Information supplied.

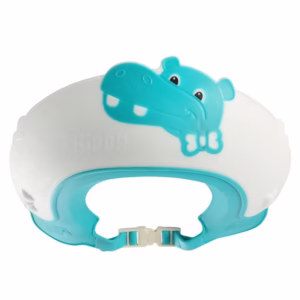 Viziera de Protectie Baie Pentru Copii, Fippy, Model Hipopotam, Dimensiune ajustabila, Durabil, Usor de curatat, Impotriva Samponului, pentru Ochi si Urechi, TPE+PP, 22x21 cm, Albastru
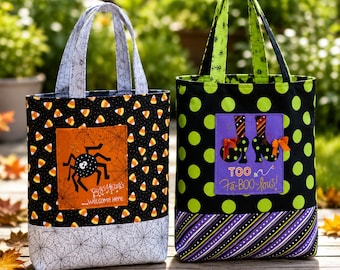 Cartamodello PDF per borsa di Halloween / Cartamodello per borsa "Dolcetto o scherzetto", cartamodello per borsa di tela autunnale con tasca, progetto di cucito fai da te facile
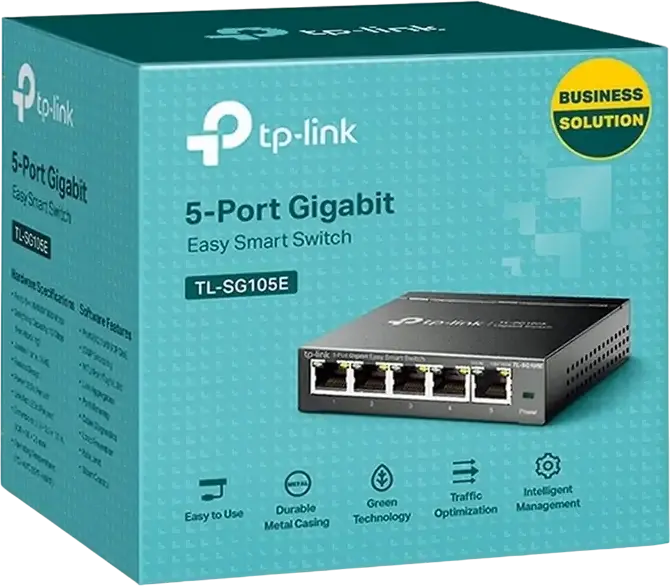 Switch TP-Link TL-SG105E Easy Smart cu 5 Porturi Gigabit, Carcasă Metalică, Prioritizare Trafic QoS, Management Web, Tehnologie Eficientă Energetic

What the task asks.
The lines to write out run from the one containing "Cartamodello PDF per" through the final line of the material above, both included; write them out exactly, with no pictures.

Solution below.
 Cartamodello PDF per borsa di Halloween / Cartamodello per borsa "Dolcetto o scherzetto", cartamodello per borsa di tela autunnale con tasca, progetto di cucito fai da te facile
 Switch TP-Link TL-SG105E Easy Smart cu 5 Porturi Gigabit, Carcasă Metalică, Prioritizare Trafic QoS, Management Web, Tehnologie Eficientă Energetic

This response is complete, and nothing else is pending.